■ **Task instructions**
The material below holds pictures; leave them out and reproduce exactly the lines from the one with "Промо-сайт для нестандартной услуги" through the one with "2016 Chevrolet Impala фото", inclusive.

■ **Data for this exercise**

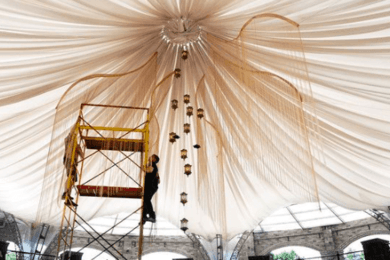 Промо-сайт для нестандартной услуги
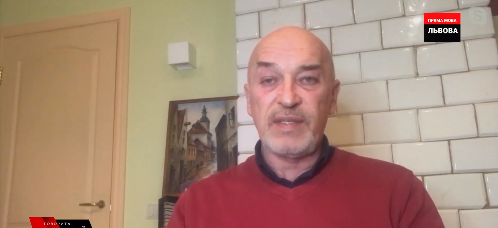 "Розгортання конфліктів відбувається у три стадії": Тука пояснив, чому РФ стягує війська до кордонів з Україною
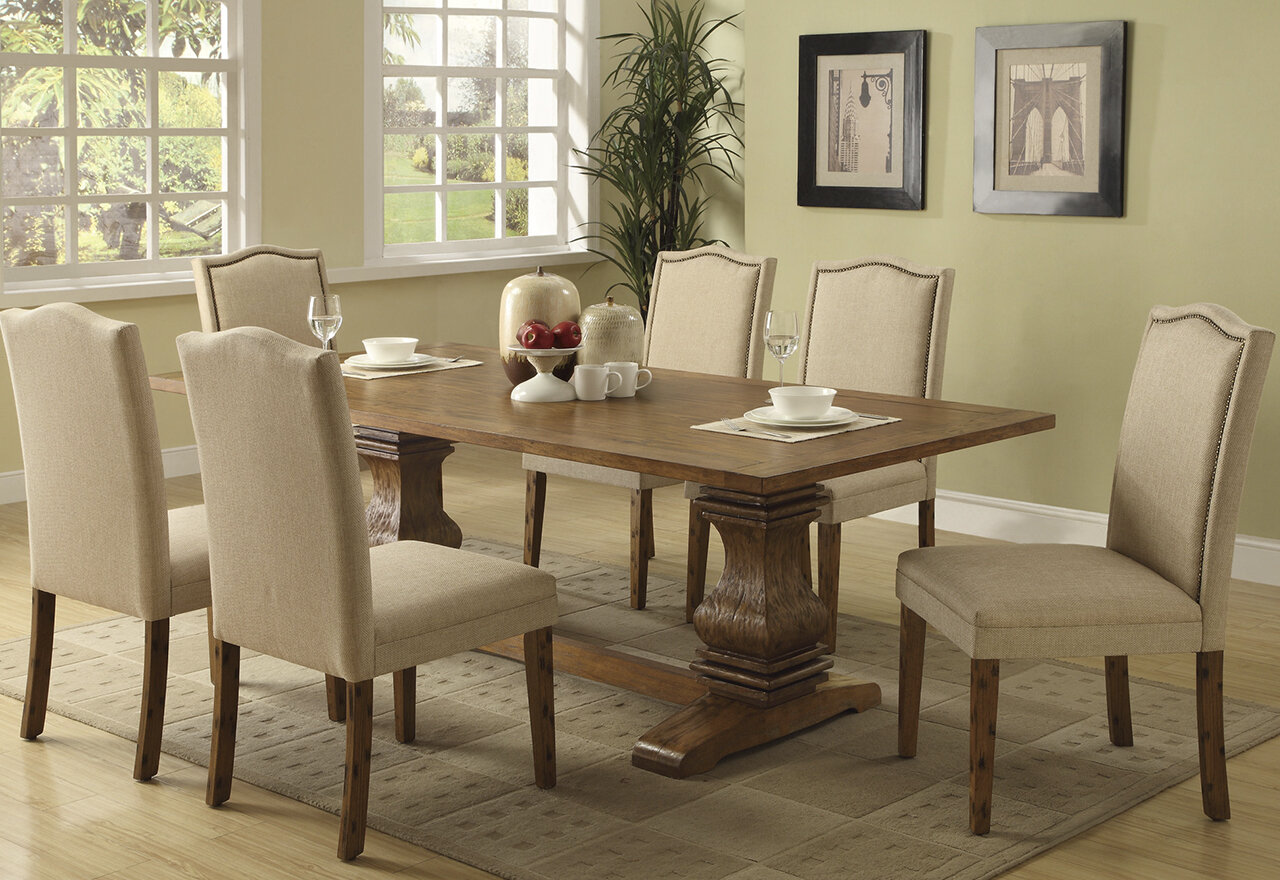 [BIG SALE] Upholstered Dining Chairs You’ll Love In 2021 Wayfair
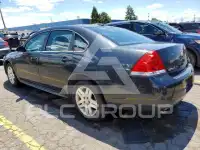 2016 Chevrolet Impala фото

==

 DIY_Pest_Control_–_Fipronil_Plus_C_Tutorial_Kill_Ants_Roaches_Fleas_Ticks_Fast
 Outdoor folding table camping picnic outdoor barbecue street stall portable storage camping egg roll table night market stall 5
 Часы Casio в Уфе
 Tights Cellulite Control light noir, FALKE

==

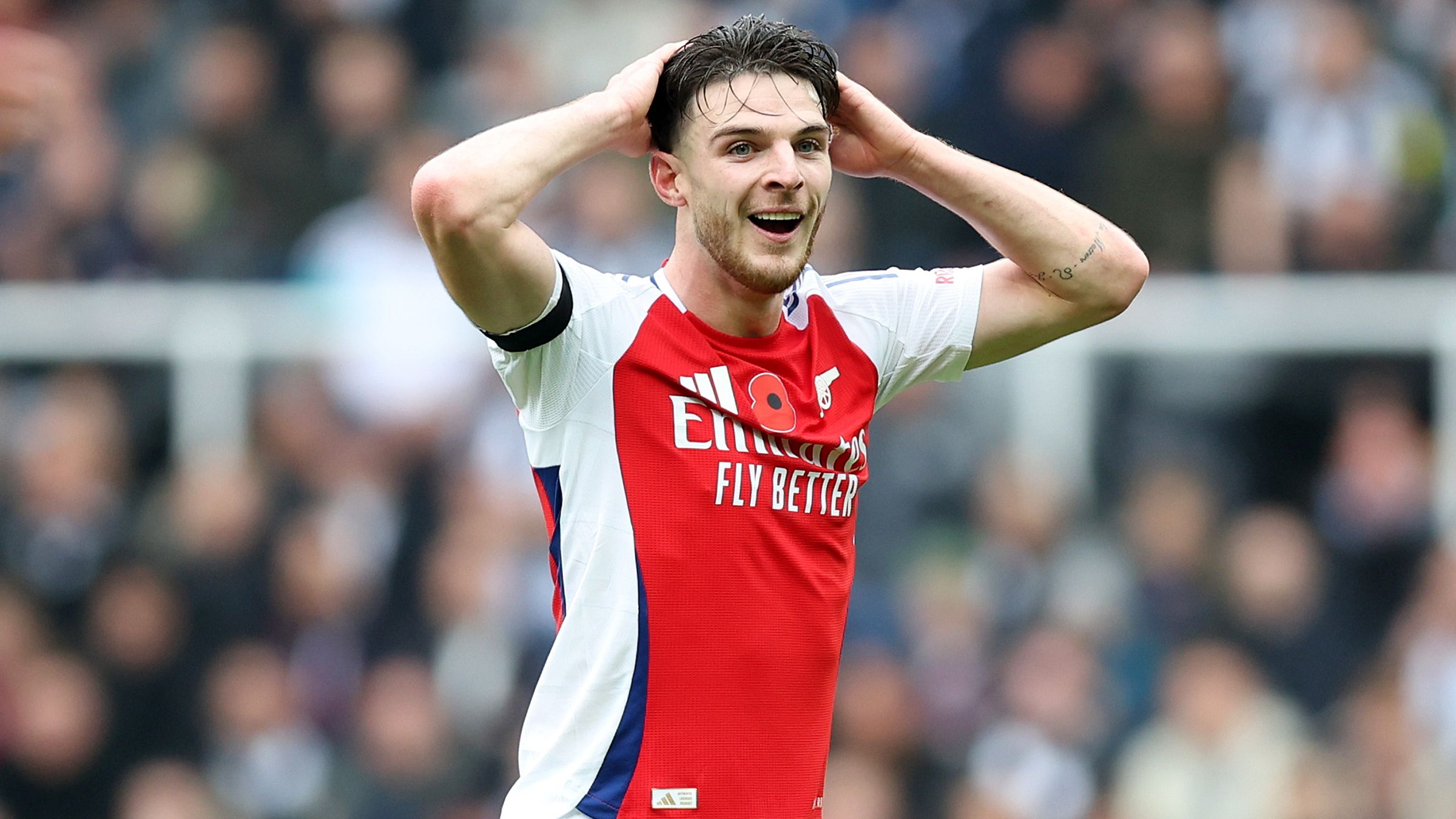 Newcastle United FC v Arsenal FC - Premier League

■ **Exercise solution**
 Промо-сайт для нестандартной услуги
 "Розгортання конфліктів відбувається у три стадії": Тука пояснив, чому РФ стягує війська до кордонів з Україною
 [BIG SALE] Upholstered Dining Chairs You’ll Love In 2021 Wayfair
 2016 Chevrolet Impala фото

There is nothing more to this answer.